Cile, inizio ‘900. Il fotografo Pedro viene chiamato nella Terra del Fuoco, all’estremo sud del Paese, per le nozze di un proprietario terriero di nome Porter. La futura moglie è ancora una bambina e cattura l’attenzione dell’uomo, il quale cerca nei suoi scatti di coglierne la bellezza e l’estraneità ai luoghi selvaggi in cui è costretta a vivere.
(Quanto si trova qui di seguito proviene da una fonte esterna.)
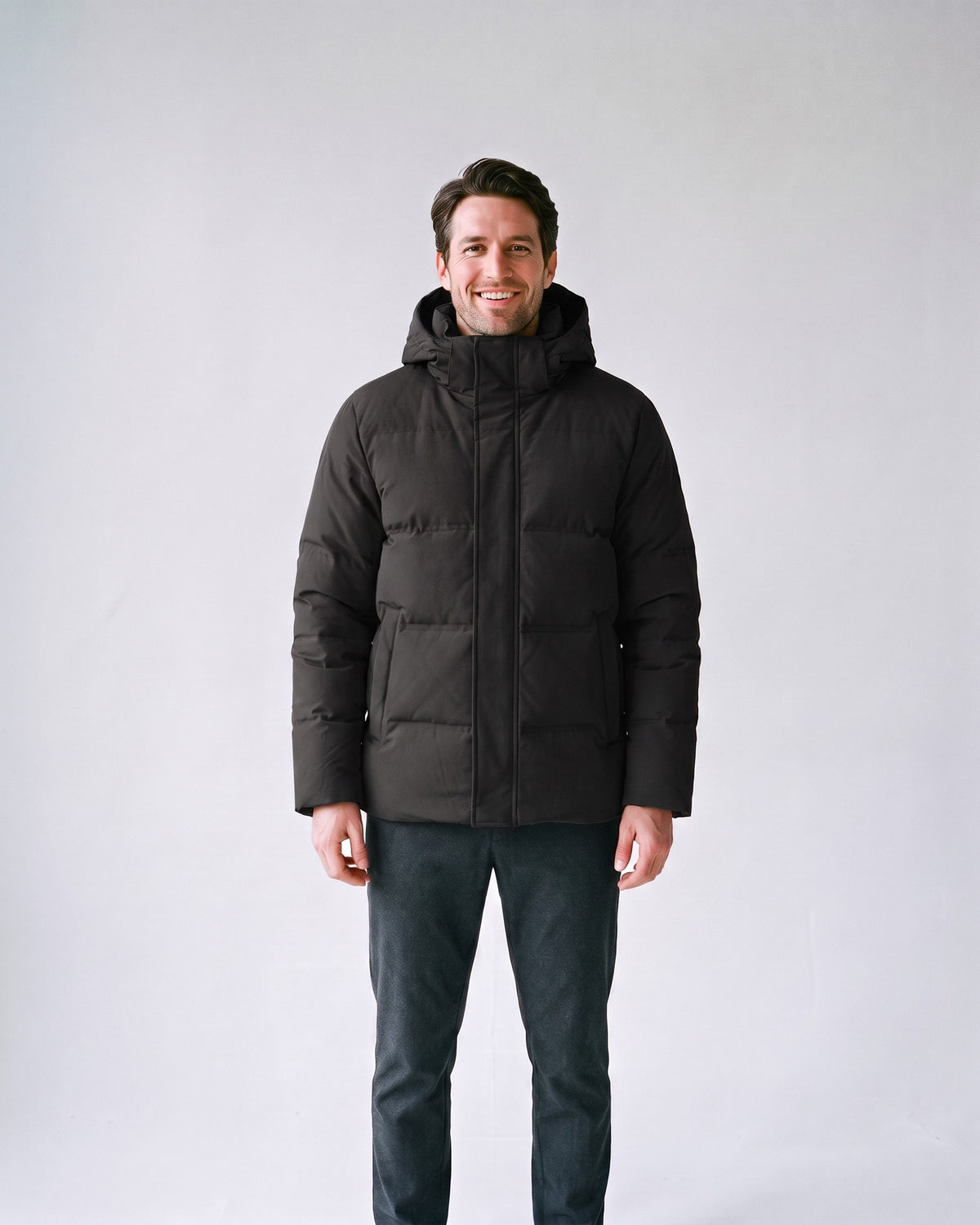 Doudoune Homme Rouge Noir - face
Con il passare del tempo il signor Porter non si presenta e il matrimonio viene rimandato: senza lavoro e impossibilitato a fuggire, Pedro è costretto a unirsi alle spedizioni contro il popolo indigeno Selknam e a documentarne lo sterminio.

 

È scritto che quest’anno la sezione Orizzonti di Venezia 76 debba regalare al vostro povero inviato un supplemento di sofferenza creativa oltre che fisica nel cercare di raccontarvi i suoi film in concorso.

“White on white” di Theo Court, ad esempio, ha tutte le carta in regola per rientrare nella categoria degli “Inutili e fastidiosi”, diventandone persino uno dei capofila. Un film caotico, irritante, fastidioso – nonostante il protagonista e l’elegante fotografia.

Cosa dire di questa sceneggiatura confusa, esile e contraddittoria, che ha pure l’ambizione di risultare creativa e originale? Si inizia conoscendo il fotografo Pedro (Castro), ingaggiato per immortalare un matrimonio nella Terra del fuoco; si finisce parlando del genocidio degli indigeni a opera dei bianchi.

Il tutto attraverso un’accozzaglia di situazioni, personaggi e sensazioni che non conquistano il lettore ma piuttosto lo esasperano. Bocciato senza appello.

 

Il biglietto da acquistare per “White on white” è:
Neanche regalato. Omaggio. Di pomeriggio. Ridotto. Sempre.